The long cairn
The long cairn at Camster is a spectacular monument, nearly 60m long and 20m wide. It has been reconstructed in modern times, but was probably originally built in the early 4th millennium.
It has a curved forecourt at each end. The north-eastern forecourt is defined by a low platform and short, stepped horns. Unusually, it does not frame an entrance door.
The cairn has a long history of exploration, and prior to the first excavations in 1865–6 it had a very different profile.
Two burial chambers were found in the cairn. Both had originally formed part of separate round cairns, entered by cramped passages. Later, it seems, they were incorporated into the single long cairn we see today, though nobody is sure why.
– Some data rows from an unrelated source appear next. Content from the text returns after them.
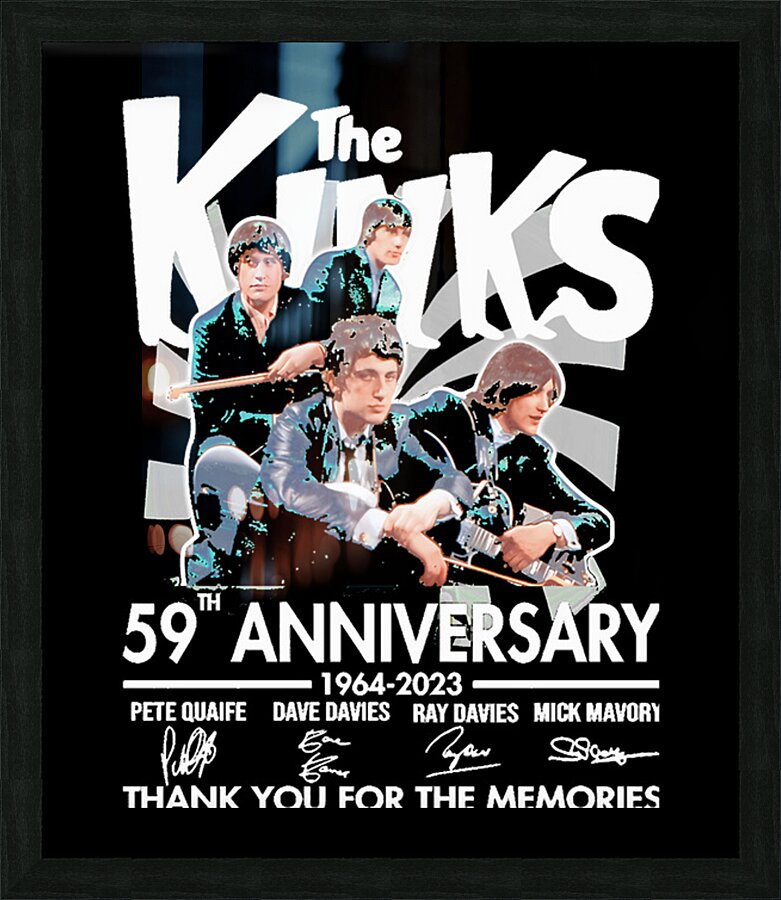 Kinks 20 Picture Frame print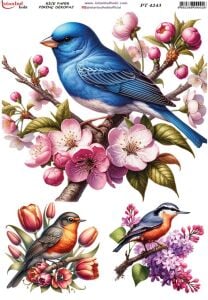 Pirinç Dekopaj Kağıdı 30x42cm PT-4243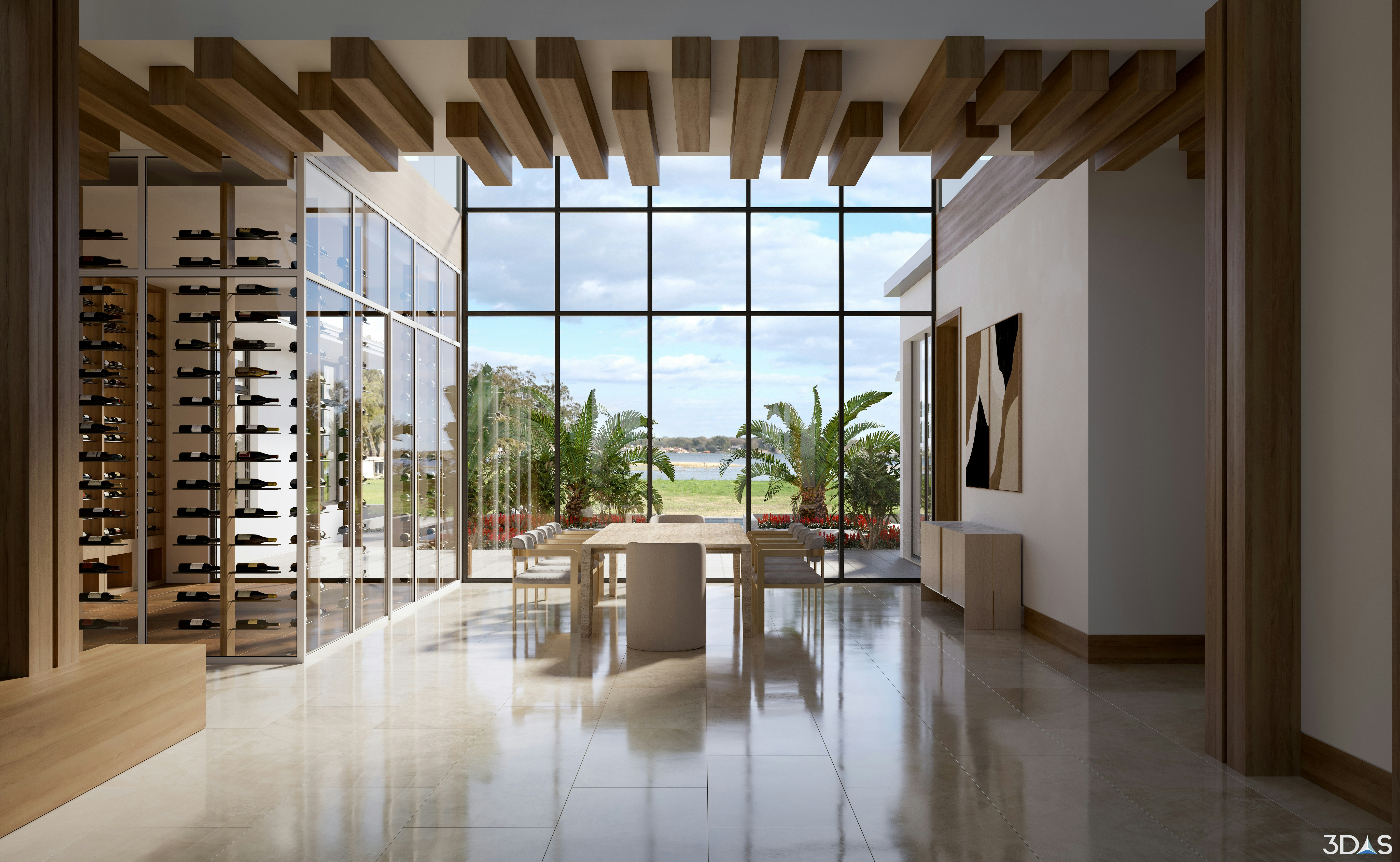 Luxury home interior staged for buyer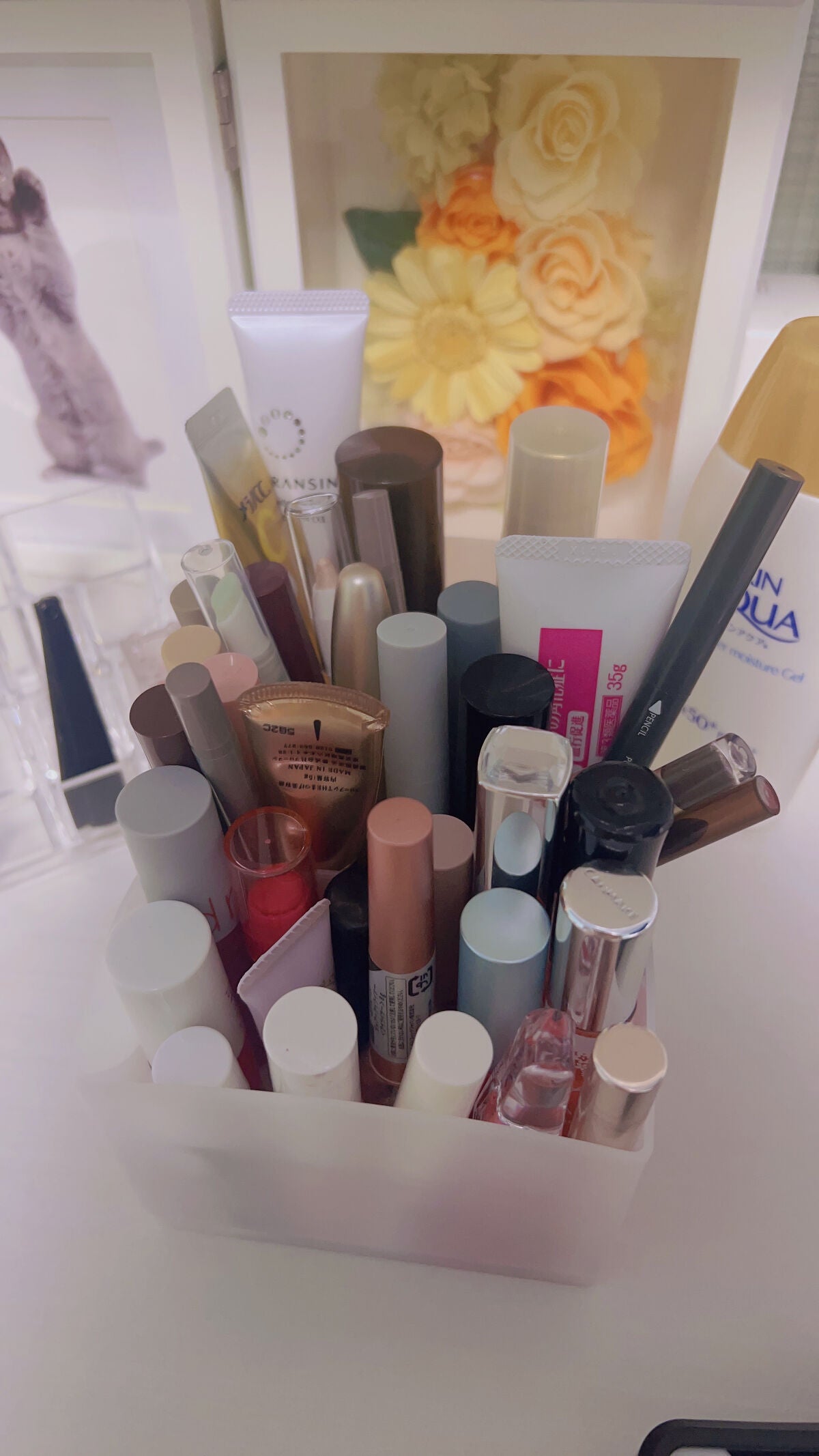 3段式クリアーケース/DAISO/その他化粧小物を使ったクチコミ(4枚目)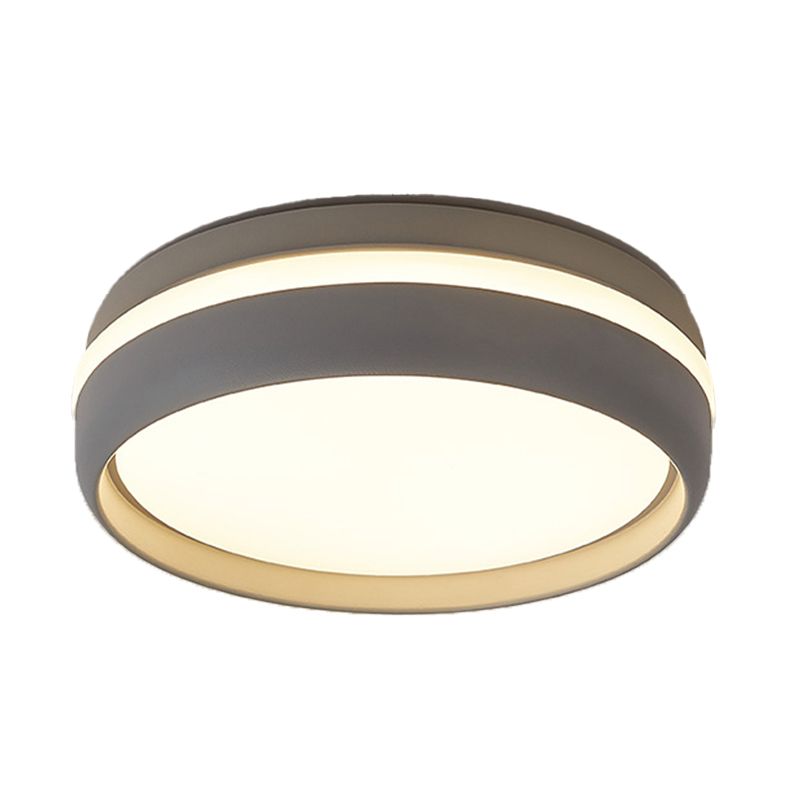 Metal Ceiling Mount Light Fixture Circle Modern Ceiling Light Fixture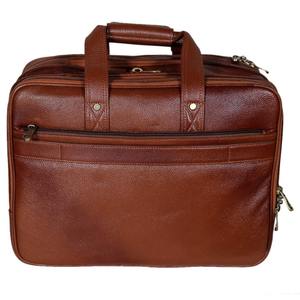 Sac à main pour ordinateur portable en cuir véritable marron pour homme, sacoche de travail multi-compartiments, sac messager de bureau, haute qualité, léger - Product Image 1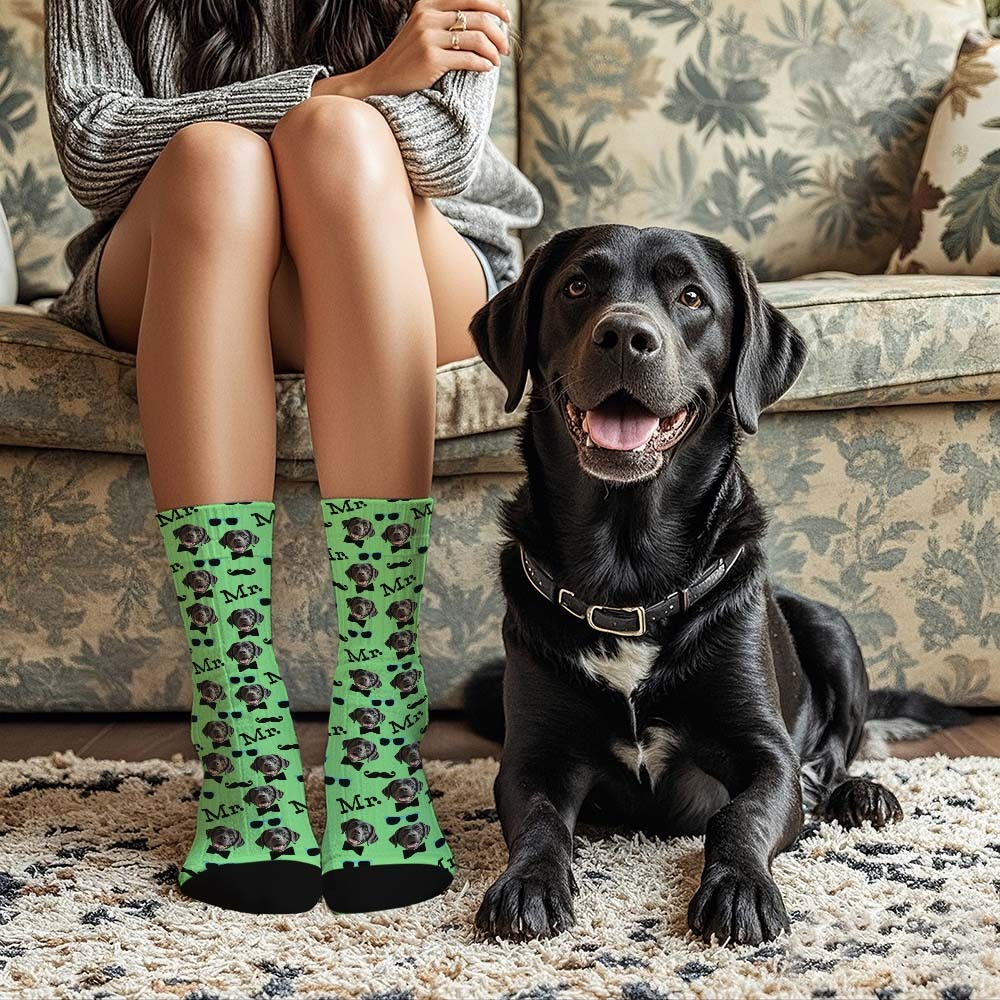 Personalized Face Socks Mr Cute Socks Personalized Photo Custom Design Best Gift Idea - Bestchristmasgifts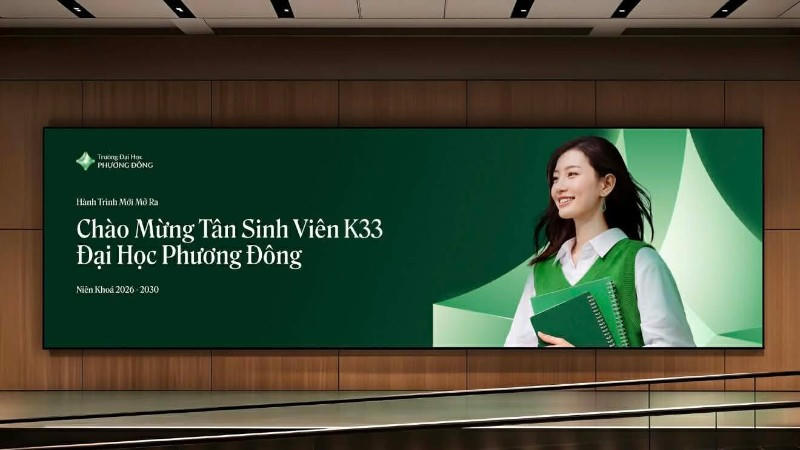 Ra mắt bộ nhận diện mới, trường đại học hướng tới đổi mới giáo dục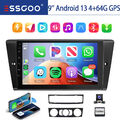 4+64G 9" Android 13 Für BMW 3er E90 E91 E92 E93 Autoradio GPS NAVI KAM Wifi RDS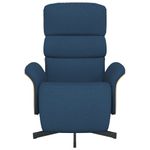 Casa si Gradina - Mobilier - Scaune si fotolii - Fotolii - Fotoliu rabatabil cu suport de picioare, albastru, textil - Infinity.ro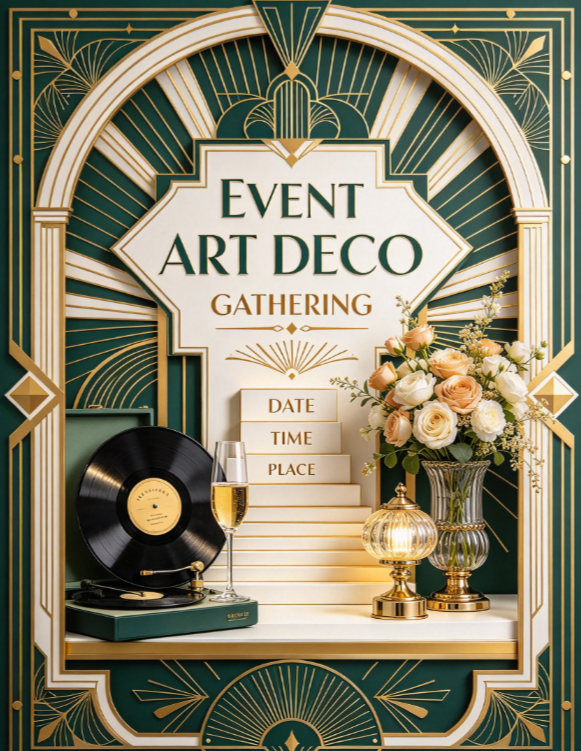 Art Deco Event Poster Template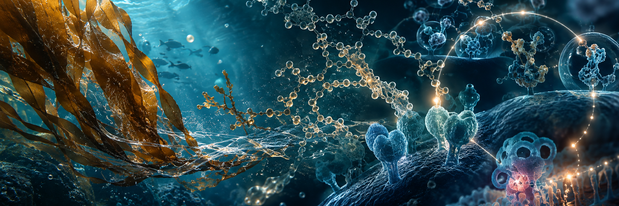 Atlantic brown kelp transitioning into molecular and cellular signaling pathways in fucoidan GLP-1 research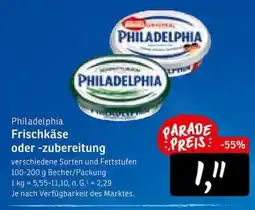 KONSUM Philadelphia Frischkäse Angebot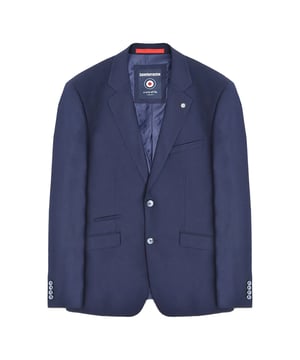 67% Polyester, 31% Rayon, 2% Spandex. Voering: Merken. Ontwerp: Badge, Effen, Target. Dubbele Achteropening, Enkelrij. Manchet: Vier Knopen. Halssnit: Revers. Mouwtype: Lange Mouwen. Zak: 3 Interne Zakken, 2 Voorzakken, 1 Borstas, 1 Muntenzak. Sluiting: Tweeknoop. 15in: 41 in. 16in: 42.5 in. 16.5 in: 44 in. 17in: 46 in. 18in: 47 in. 19in: 50 in. 19.5in: 52 in.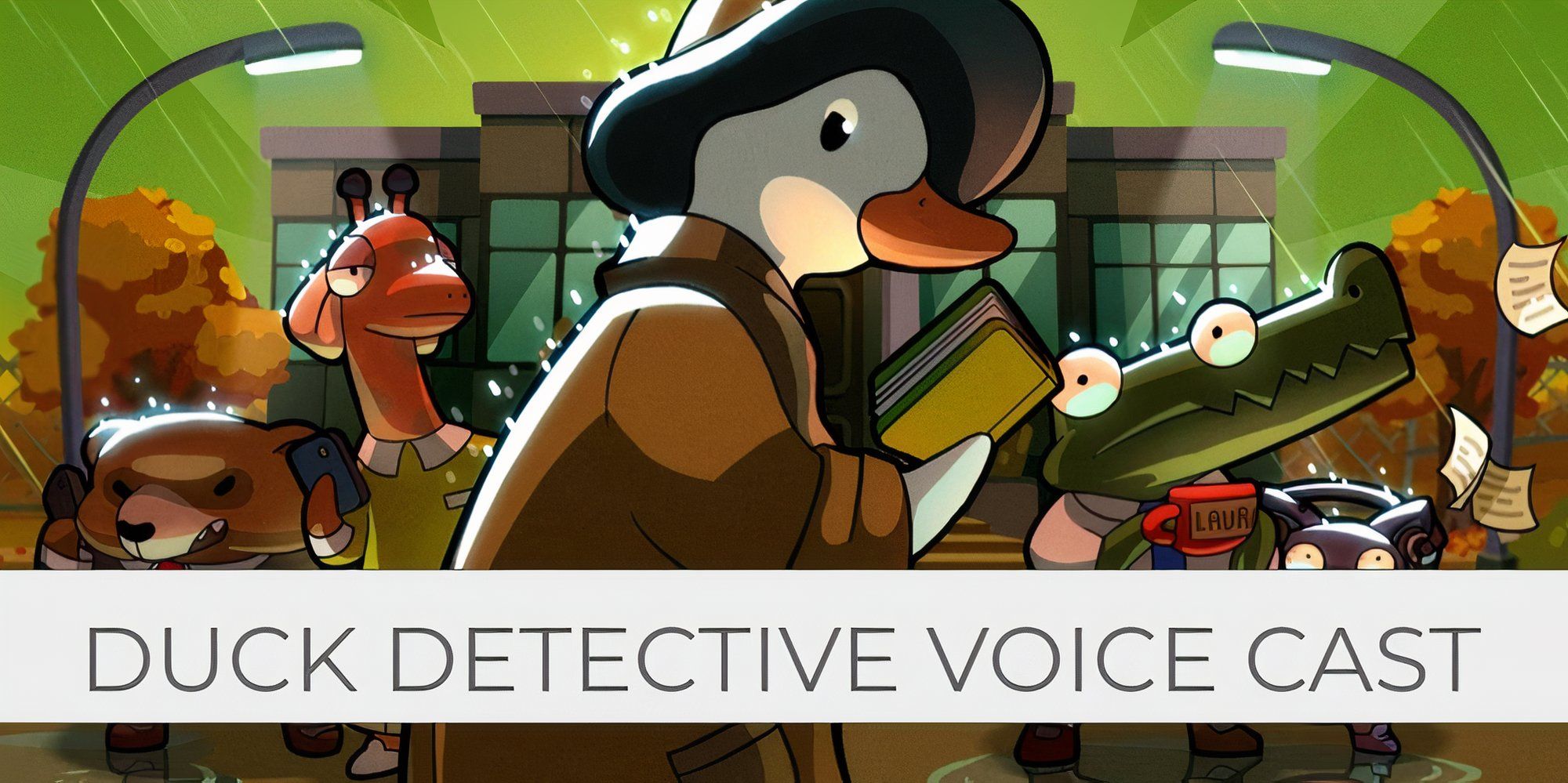 All Duck Detective: The Secret Salami Voice Actors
The development of the cairn and its original appearance are still disputed.
The round cairn
The round cairn is significantly smaller than the long cairn, about 18m in diameter and 4m tall. It’s similar in shape and size to the round cairns that were incorporated into the long cairn, but is unlikely to be of similar age. It has not been subject to the same degree of exploration.
The cairn features:
- a curving forecourt
- a cramped passage
- a surprisingly spacious central burial chamber, separated into three compartments by upright slabs
- corbelled walls supporting the cairn roof
Excavations in the 1800s found burnt human remains, flint tools and pottery. Its passage had been deliberately blocked, and inside two skeletons were found, apparently placed in a sitting position.
Beaten to the punch
The Grey Cairns of Camster have a long history of archaeological investigation. Of the two, the long cairn has been more extensively explored. Before excavation, it had the appearance of a series of humps joined by a spine. Both cairns were excavated in 1865. Human remains were found in both.
A similar cairn in our care at Cnoc Freicedain, 15 miles to the north-west, has not yet been investigated. Archaeological excavation there could shed light on the Grey Cairns of Camster.